■ What the task requires
Could the data below be printed out exactly, with the pictures left out?

■ Entries shown
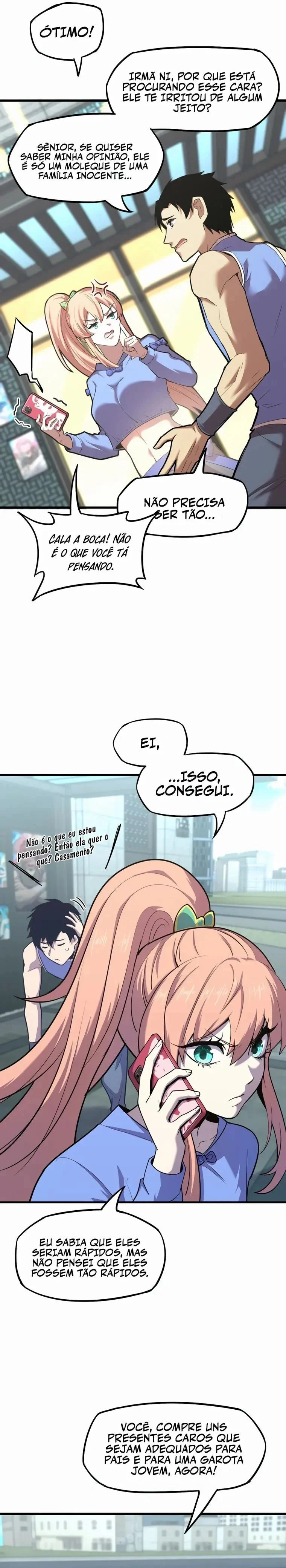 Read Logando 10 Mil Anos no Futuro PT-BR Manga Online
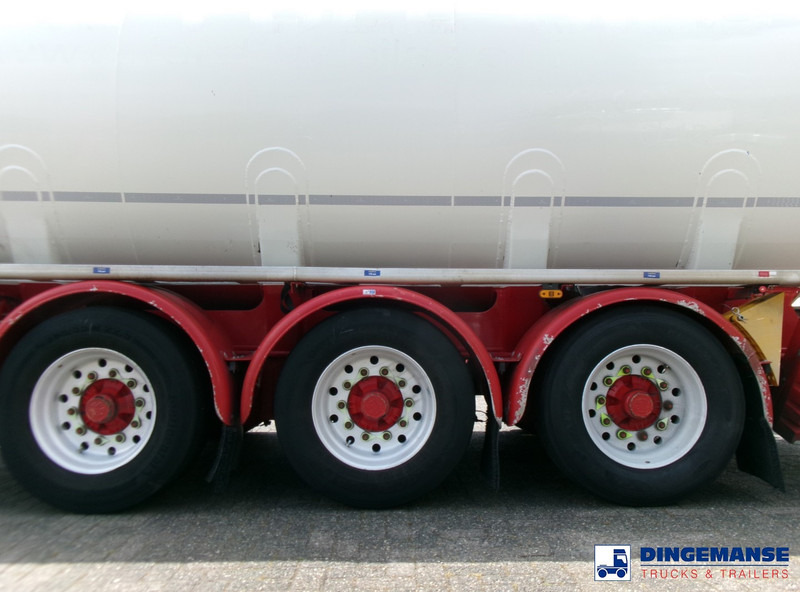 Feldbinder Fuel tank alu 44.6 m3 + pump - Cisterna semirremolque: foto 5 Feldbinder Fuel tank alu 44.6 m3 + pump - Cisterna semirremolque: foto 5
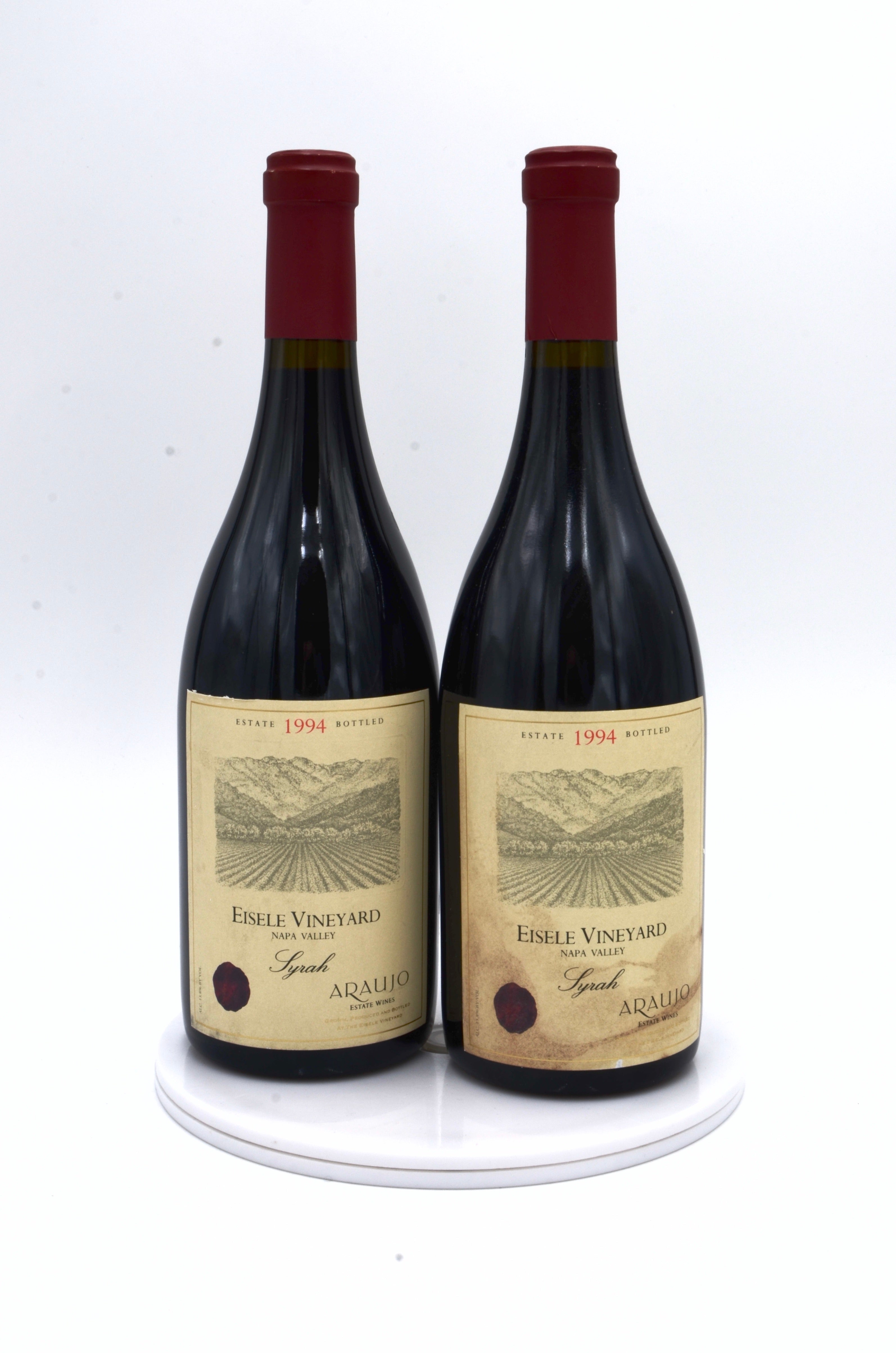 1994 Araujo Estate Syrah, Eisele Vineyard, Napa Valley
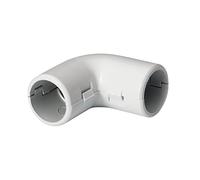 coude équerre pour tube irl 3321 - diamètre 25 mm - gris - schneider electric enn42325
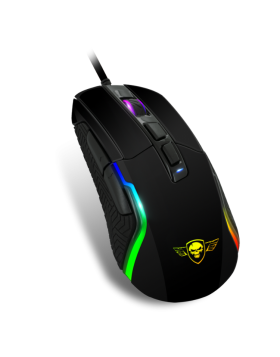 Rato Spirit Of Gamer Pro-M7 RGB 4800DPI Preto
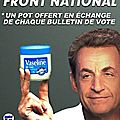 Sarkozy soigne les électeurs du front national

■ Response below
 Read Logando 10 Mil Anos no Futuro PT-BR Manga Online
 Feldbinder Fuel tank alu 44.6 m3 + pump - Cisterna semirremolque: foto 5 Feldbinder Fuel tank alu 44.6 m3 + pump - Cisterna semirremolque: foto 5
 1994 Araujo Estate Syrah, Eisele Vineyard, Napa Valley
 coude équerre pour tube irl 3321 - diamètre 25 mm - gris - schneider electric enn42325
 Rato Spirit Of Gamer Pro-M7 RGB 4800DPI Preto
 Sarkozy soigne les électeurs du front national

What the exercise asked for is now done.